__Task brief__. The expected result is the segment of the entries that begins with the line containing "MT license plate 930989D" and ends with the last line, copied verbatim.

__Material provided__.
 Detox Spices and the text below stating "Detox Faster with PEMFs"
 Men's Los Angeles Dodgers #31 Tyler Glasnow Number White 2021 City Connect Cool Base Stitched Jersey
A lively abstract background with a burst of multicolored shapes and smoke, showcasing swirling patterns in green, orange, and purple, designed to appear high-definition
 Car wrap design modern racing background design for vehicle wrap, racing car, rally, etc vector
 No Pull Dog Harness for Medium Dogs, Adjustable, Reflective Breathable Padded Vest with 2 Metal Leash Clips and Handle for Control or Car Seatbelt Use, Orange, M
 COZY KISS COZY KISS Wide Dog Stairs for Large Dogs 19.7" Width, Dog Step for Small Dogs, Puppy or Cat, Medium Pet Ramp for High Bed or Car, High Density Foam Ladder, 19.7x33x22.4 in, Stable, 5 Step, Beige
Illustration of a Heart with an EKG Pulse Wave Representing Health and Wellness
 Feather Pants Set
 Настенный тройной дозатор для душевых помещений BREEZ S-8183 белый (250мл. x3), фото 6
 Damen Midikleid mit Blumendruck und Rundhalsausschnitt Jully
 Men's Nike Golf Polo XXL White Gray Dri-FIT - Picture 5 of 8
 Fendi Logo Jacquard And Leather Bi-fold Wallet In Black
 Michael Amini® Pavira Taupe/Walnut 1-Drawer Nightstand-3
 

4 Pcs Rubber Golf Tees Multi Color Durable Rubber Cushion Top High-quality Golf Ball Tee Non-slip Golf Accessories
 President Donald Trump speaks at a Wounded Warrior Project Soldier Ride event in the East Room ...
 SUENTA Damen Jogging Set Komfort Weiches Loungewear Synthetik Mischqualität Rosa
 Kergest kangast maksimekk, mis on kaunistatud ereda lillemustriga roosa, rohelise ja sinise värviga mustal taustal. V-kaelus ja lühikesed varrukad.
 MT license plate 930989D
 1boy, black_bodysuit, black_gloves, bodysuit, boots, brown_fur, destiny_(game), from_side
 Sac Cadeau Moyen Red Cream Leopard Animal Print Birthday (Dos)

__Solved problem__.
 MT license plate 930989D
 1boy, black_bodysuit, black_gloves, bodysuit, boots, brown_fur, destiny_(game), from_side
 Sac Cadeau Moyen Red Cream Leopard Animal Print Birthday (Dos)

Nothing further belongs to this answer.